Layaway Days: Art collecting on a Budget
'CONSISTENCY IS THE MAJOR STRUGGLE.’ After scrolling through the beautiful paintings, drawings, and sketches on Instagram yesterday, I was stopped in my tracks by the aforementioned statement. The printed statement was in uppercase grey lettering, on a white background, and occurred amongst the day’s vibrant and colorful pieces. The contrast was striking. The post was authored by Sergio Lopez.
I’ve followed Sergio’s work for a few years and enjoy his ‘Painted Roses’ series (see: ‘Blue Girl’, ‘Greensleeves’, ‘Sagiso’, and ‘Chromatella’). I voraciously read his post, appreciating his candor and willingness to discuss an issue that seldom sees the light of day. Sergio discussed the financial perils facing emerging artists.
After processing his post, I reached out to him, as I wanted to interview him for the blog. He recently created a Patreon page, where fans of his work can donate as little as $1/month, to help him keep creating authentic work. Every dollar donated, can be used towards a future purchase: a modified layaway plan for collectors. He also has an option where supporters are granted access to tutorials, high-resolution images, and videos.

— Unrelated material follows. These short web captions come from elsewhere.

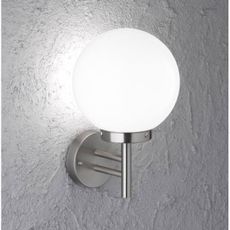 Wofi 4033.01.97.7000 - Vonkajšia nástenná lampa REMO 1xE27/60W/230V IP44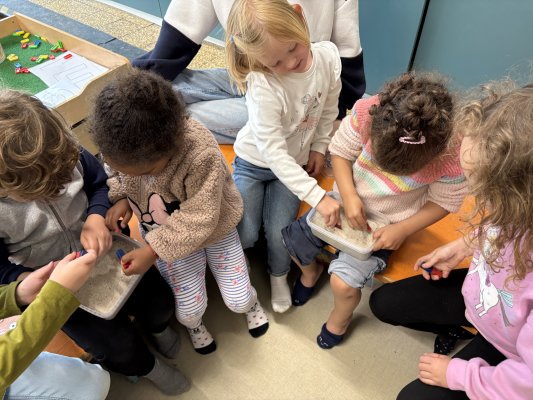 Mad science in de kleuterklas 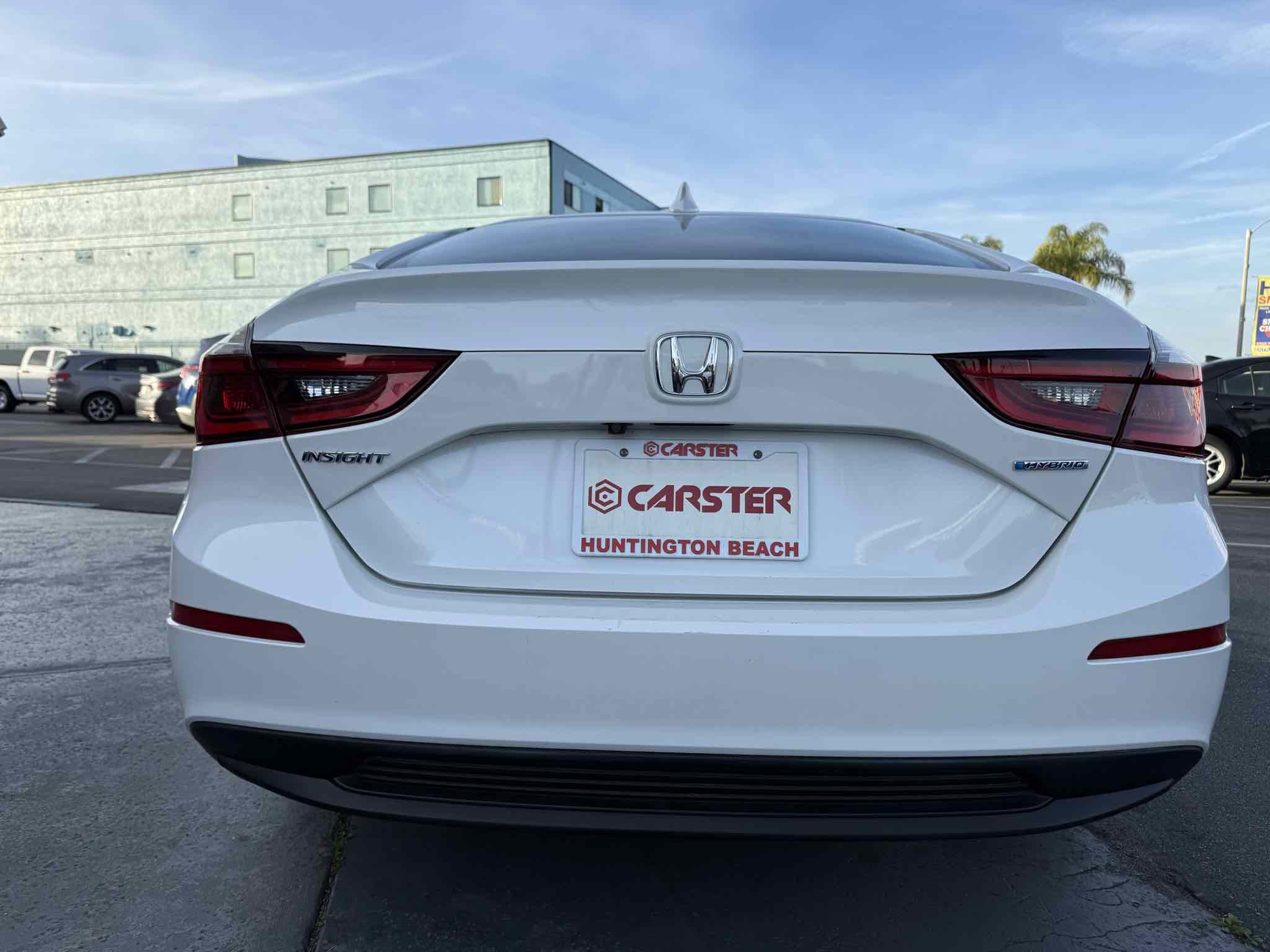 Used 2021 Honda Insight EX image 4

I am glad Sergio posted yesterday, as it gives artists and collectors an opportunity for discourse.
LD: When did you become involved with Patreon and how did you ultimately decide to create an account?
SL: I actually have had a Patreon account for over a year but I just now started to promote it. I felt like I had to come up with a good way to stand out from other Patreon accounts before I wanted to put it out there. Also, I wanted to make sure that the perks were something I could keep up with and still be hopefully enticing.
LD: As fans and collectors, we see work posted on social media but are rarely privy to the trials and tribulations facing our favorite artists. Can you describe what it’s like, as an emerging artist?
SL: An emerging artist has a lot of challenges ahead of them. There is a lot you need to do to build trust in collectors before they decide to start collecting from you. And a lot of times that trust has to be built in conjunction with the galleries that will take you in. This makes things difficult for someone who is trying to sell directly to their potential collectors. There are a lot more tribulations of course, but this gives you an idea of one aspect.
LD: Do you prefer that collectors purchase your work directly from you or through a gallery?
SL: I only prefer that collectors purchase directly through me because that means I don't have to split the profit, but that doesn't mean that the gallery's job isn't important or that they don't deserve their cut. Their job is difficult and they depend on us to give them product. Going to a gallery to purchase my work makes it effortless for me, but I make less money that way.
LD: Let’s say a collector likes a piece but is on a budget (like most of us), should they make an offer on a painting and are options, such as layaway or payment plans available?
SL: You should absolutely try to make a deal. There is a little more leeway in directly dealing with artists as well. The profit margin is significantly lower than with a gallery so you are more likely to score a deal if you are willing to ask. As far as layaway plans go, it's probably an artist-by-artist basis. A lot more galleries are willing to do layaway plans than you think, but they aren't so quick to advertise. As a customer, you have more power than you think, and you can get a deal if you are willing to ask.
LD: Any pointers on etiquette for collectors who'd like to contact artists directly?
SL: Just like any other profession, be courteous and don't act too entitled to anything. If you are commissioning an artist, it's important that you are very clear about what you want, and expect to pay part of the commission up front as collateral.
LD: Have you found social media has introduced new collectors to your work and art collecting in general?
SL: It has absolutely done all of those things and is the lifeblood of my advertisement strategy as an independent fine artist.
LD: Do you have any advice for new art collectors or individuals who are contemplating entering the hobby?
SL: Sure, first be passionate about art in general. Find an artist whose work you love, and start saving up for something small or inexpensive to begin with. There are so many artists out there, and they are not hard to find, especially on Instagram. If they search hashtags, or take a look at the suggested follows, I have found some new artists that way. You can even ask your favorite artists who inspire them, and hunt for them that way!
LD: Why is it important to make your art affordable to individuals from all backgrounds?
SL: As an artist trying to stay afloat you need to spread yourself out far and wide, and offer something for everyone. Staying true to your vision, but being flexible in what you offer. If you only offer original paintings, not only will you not be able to keep up with demand, but you will be shutting yourself out of the range of all but the smallest sliver of collectors on Instagram. So it's important to sell not only prints but other products, such as what I offer on my Society6 page.
LD: What can we expect from Sergio Lopez, in the future?
SL: I am currently working on more Painted Roses paintings for a group show in NYC at Rehs Contemporary Gallery, and aside from that, I have a side project of an experimental new series that's completely different than anything else I've done up to this point. I have posted a couple of sneak previews on my Instagram stories a few weeks ago, but I haven't had time to work on it as much as I have wanted to.
Art isn't purchased at big-box stores. This blog is for collectors like me, who collect on a budget.